Il y a de la résignation dans ses paroles. Une espèce de consentement infini, de fatalisme. Béru ne les entend pas de cette manière, qui s’écrie :
— La môme a raison, San-A. Si près de la terre, ce serait un peu gland de mourir. Faut essayer quelque chose !
— Avant tout, déclaré-je, réunir des lampes électriques de poche car dans quelques minutes ce sera le black in complet.
On se file en branle illico, tous les trois. Nous voilà partis dans les cabines, à explorer les tiroirs. Très vite nous sommes à la tête d’une demi-douzaine de calbombes.
— Et maintenant ? questionne Sa Majesté.
— Descendons au magasin.
Il braque sur moi le faisceau de sa loupiote.
— Au magasin ! Hé, dis, San-A., tu te crois sur les Champs-Elysées ?
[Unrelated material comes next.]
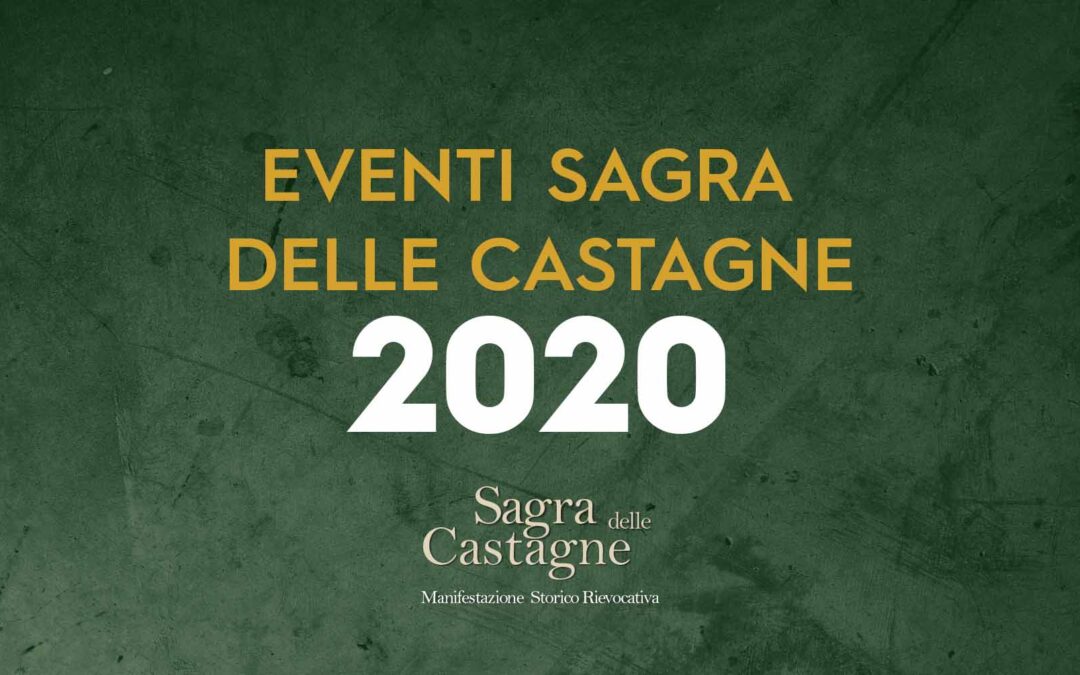 Eventi Sagra delle Castagne 2020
— On appelle magasin la soute où sont stockées les denrées et accessoires nécessaires à la vie du bord.
— Qu’est-ce t’espères y trouver ?
— Des équipements de plongée, il doit bien y en avoir sur un sous-marin pour permettre de réparer les avaries éventuelles.
Il me prend le bras.
— Où est la môme ? demande-t-il brusquement.
Je promène le rayon de ma propre lampe alentour. Effectivement Dominique n’est plus là. Je l’appelle, elle ne répond pas.
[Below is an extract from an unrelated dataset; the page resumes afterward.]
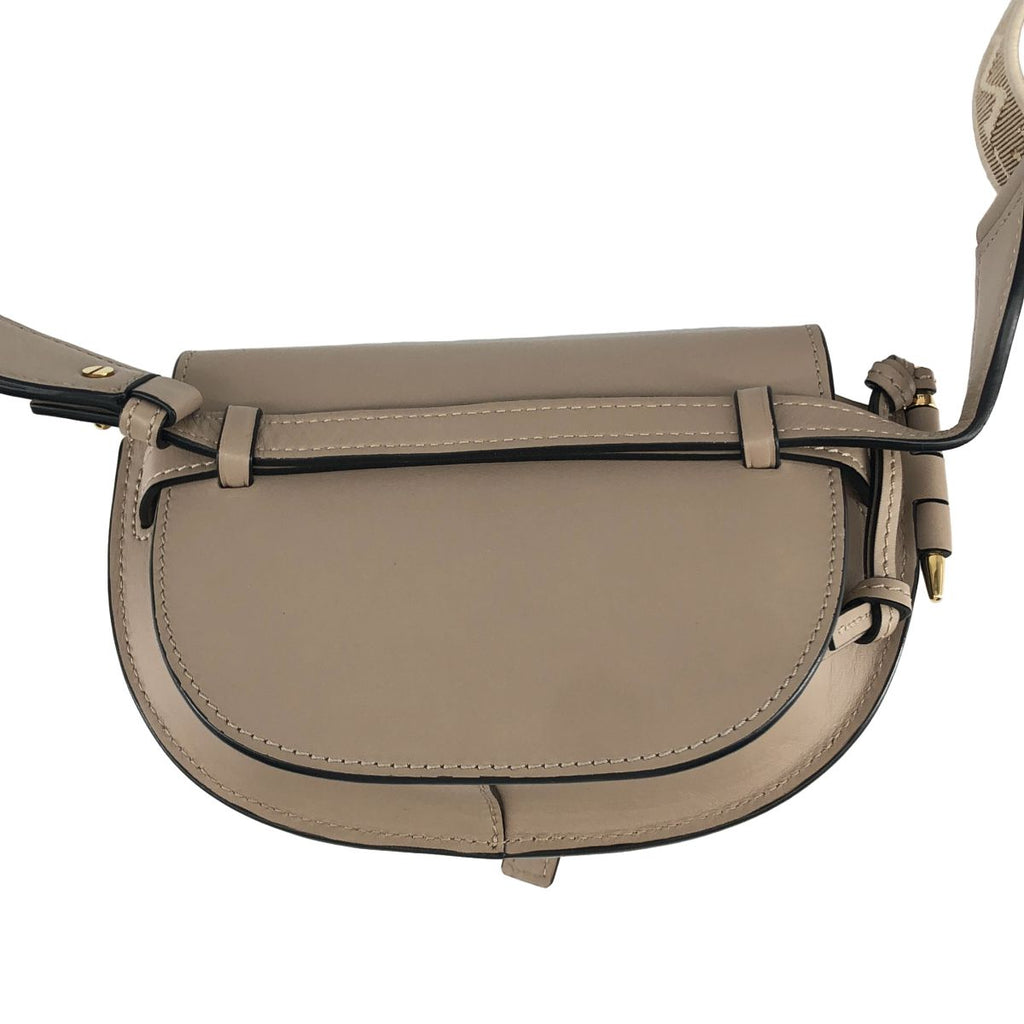 Loewe Gate Dual Mini Cross Belt Bag Gray — view 4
— Cette garce vient de nous fabriquer, gronde le Pachyderme. Tu veux parier qu’elle s’est débinée ?
— Pour aller où, Gros ? On est tous dans la même galère, non ? Et une galère échouée, qui pis est !
— En tout cas, elle manigance un coup fourré. C’est elle l’assassine, gars. Elle a pas pu nous effacer plus tôt, mais c’est un prêté pour un rendu.
— Je ne pense pas, Béru.
— Oh toi, nature, du moment qu’une gamine beau-sourire te papillote des stores, tu chopes des vapeurs. Chez toi, c’est un rolleiflex qu’on dit sonné ! Qui c’est le tueur du bord, alors ? Moi, p’t’être ? Comme t’en avais l’intention au début ? Ou bien toi ?
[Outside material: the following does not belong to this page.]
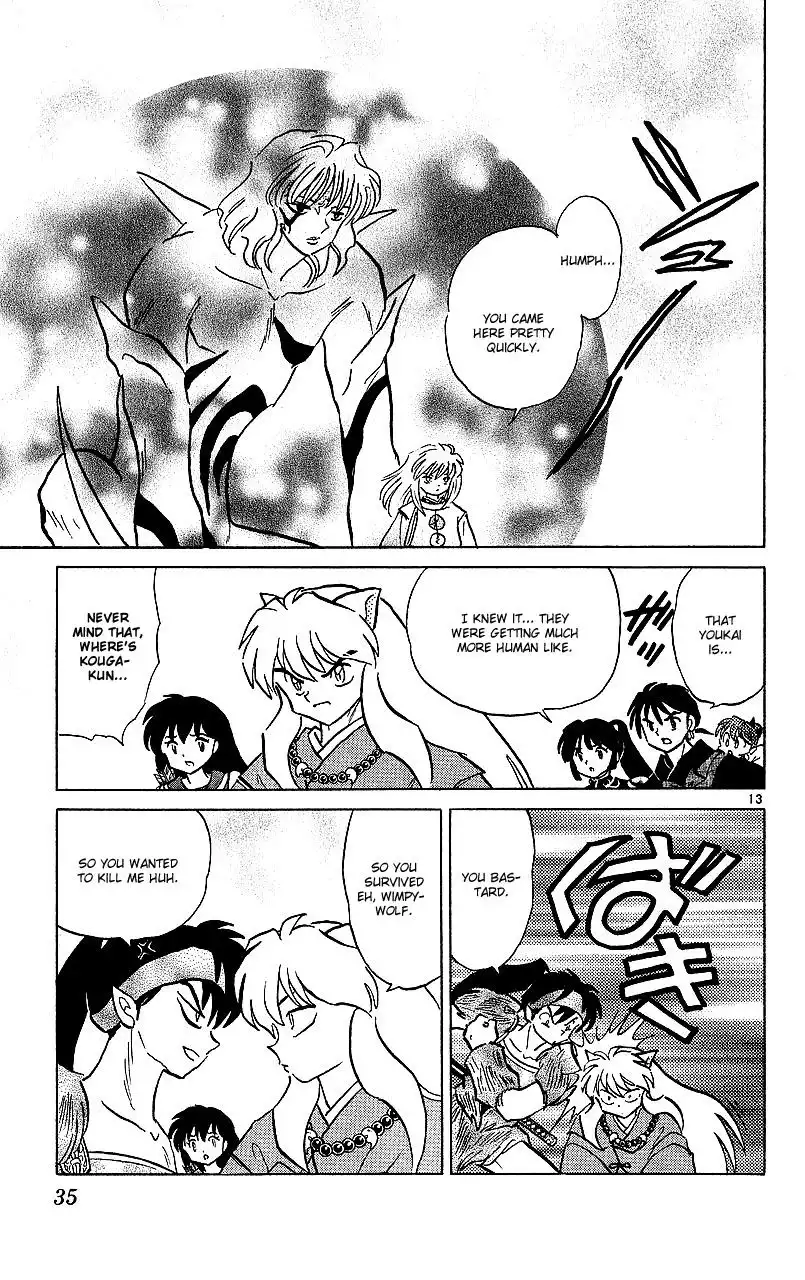 Inuyasha Chapter 340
— Je ne peux pas croire qu’un meurtrier, à moins d’être fou à lier, se soit lancé dans une aventure aussi sinistre.
— S’il a la mentalité des japonouilles pendant la dernière guerre, tu sais : les chérubins qui chiquaient à la torpille humaine. Les amis casés, comme on les appelait…
Ça ne me convainc pas. Un fanatique dont la mission consisterait à neutraliser l’Impitoyable aurait carrément fait sauter le sous-marin, il ne se serait pas amusé à éliminer les membres de l’équipage pour périr lui-même à petit feu. Il aurait laissé survivre des hommes susceptibles de ramener le bâtiment dans un port, au lieu d’épargner deux flics aussi instruits des choses de la sous-mer qu’un garçon de ferme de l’énergie thermo-nucléaire. C’est ce que j’explique à Béru. Alors il se fâche.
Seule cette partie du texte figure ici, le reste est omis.